Fighting STAT3 in non-Hodgkin's lymphoma
Non-Hodgkin's lymphoma is the sixth most common cancer in the United States, with more than 74,000 estimated new cases each year. Growing evidence links B cell non-Hodgkin's lymphoma to persistent activation of STAT3, a gene that drives tumor cell growth and anti-tumor immune suppression. But there is currently no drug approved by the U.S. Food and Drug Administration that stops the activation of STAT3. Hua Yu, Ph.D., City of Hope’s Billy and Audrey L. Wilder Professor in Tumor Immunotherapy and co-leader of the Cancer Immunotherapeutics Program, and Marcin Kortylewski, Ph.D., associate professor, Department of Immuno-Oncology, and team have already demonstrated that an immunotherapy developed at City of Hope (CpG-STAT3siRNA) turns off STAT3 and stimulates the immune system to attack tumors, in addition to killing B cell lymphoma tumor cells and making radiation therapy more effective in animal models.
The new lymphoma SPORE grant — as well as funding from The Marcus Foundation — makes it possible for City of Hope to start a phase 1 trial for that drug in patients. The trial will test its safety in patients, and whether the therapy can be injected within tumors; patients will also receive low-dose radiation therapy to augment the new drug.
A more effective, second generation therapy will also be tested in animal models — the goal is to also develop that drug for a clinical trial.
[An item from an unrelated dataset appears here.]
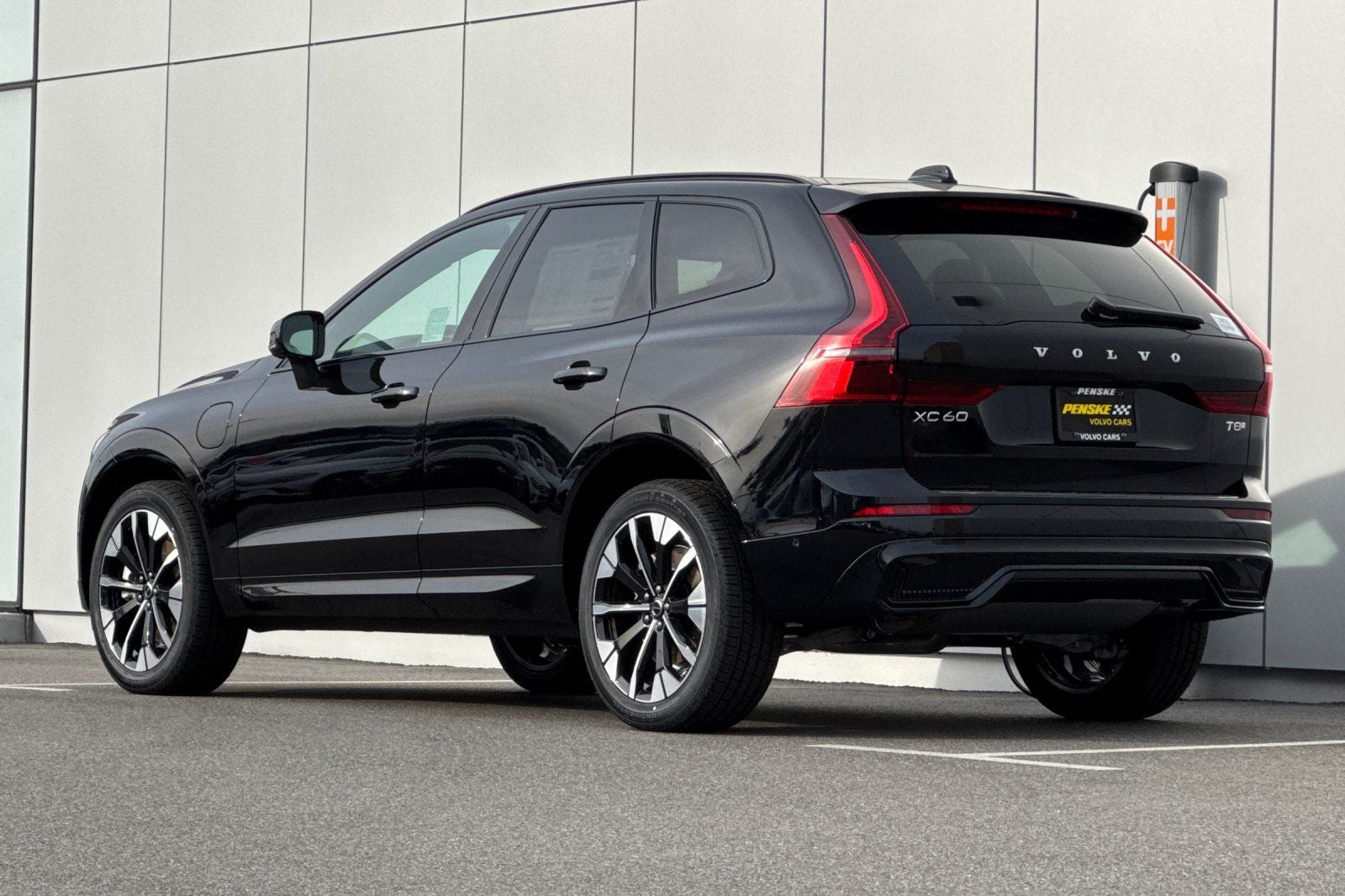 2026 Volvo XC60 Plug-In Hybrid T8 Plus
STAT3 is common in other cancers — Yu hopes that the new therapy will be effective so it can also be used against leukemia, pancreatic and other cancers.
Understanding a serious complication for Hodgkin's lymphoma patients receiving an autologous stem-cell transplant
Hodgkin's lymphoma and non-Hodgkin's lymphoma) patients who receive stem cell transplantation can develop a deadly complication that may arise after the procedure. Between 6 to 8 percent of these transplant patients can develop therapy-related myelodysplasia/acute myeloid leukemia (t-MDS/AML), which is more common in older adults and is the leading cause of nonrelapse mortality in this group. It is generally believed that blood stem cells exposed to high doses of chemotherapy and other cytotoxic therapies suffer genetic damage that leads to t-MDS/AML, but some patients could also have a genetic predisposition to the disease.
Researchers at the University of Alabama at Birmingham, City of Hope, the University of Minnesota, University of Nebraska, St. Jude Children’s Research Hospital and Dana Farber Cancer Institute are developing a prediction model that includes clinical and genetic details to determine the probability of a patient developing t-MDS/AML. The research will help identify which patients are at risk for developing t-MDS/AML and what a medical team can do to personalize treatment and help prevent a patient from developing the disease.